This report follows the Higher classification/professional employee award reliance qualitative research: Interim report and consolidates the findings from data collected over a 12 month period. This report examines the nature of employment arrangements and conditions of award-reliant employees at higher classifications and the persistence of award reliance over time.
The findings depict the advantages and disadvantages of award-reliant employment as reported by participants. The findings also examine the intentions of participants to pursue an over-award arrangement, either through a change to their wage-setting arrangements in their current workplace or through seeking alternative employment. These intentions were found to be principally shaped by their need to pursue higher wages/wage increases which was related to the reliance they had on their award wage to meet their living costs. Participants with no critical need to increase their wage income were content to maintain their award-reliant arrangement. Participants who had a need to increase their wage at a faster or greater rate than the award provided for tended to be discontent with their award reliance and typically expected their tenure under their award-reliant arrangement would be relatively short.
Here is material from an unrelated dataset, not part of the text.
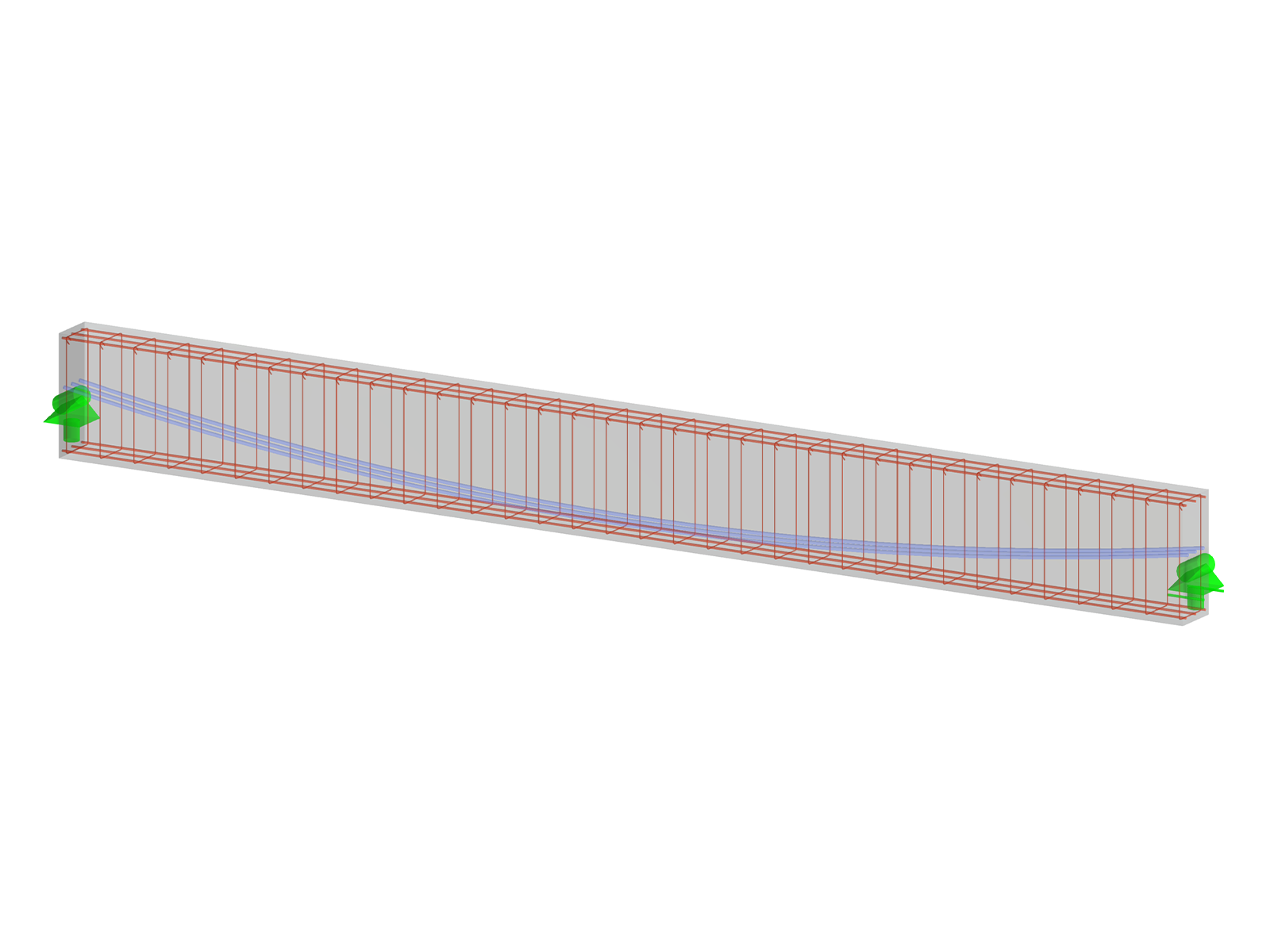 Illustration of a single-span concrete beam showing prestressing tendons using RFEM 6 with various reinforcement types.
Over the duration of the study, most participants experienced some form of change in their award-reliant employment. Only a small number of participants left their award-reliant employment over the course of the study, despite the intentions of several more to do so. The barriers to pursing and achieving over-award arrangements included perceptions that their employer would not welcome a discussion about wages and wage progression and that they would not be significantly better off if they pursued an over-award arrangement through alternative employment.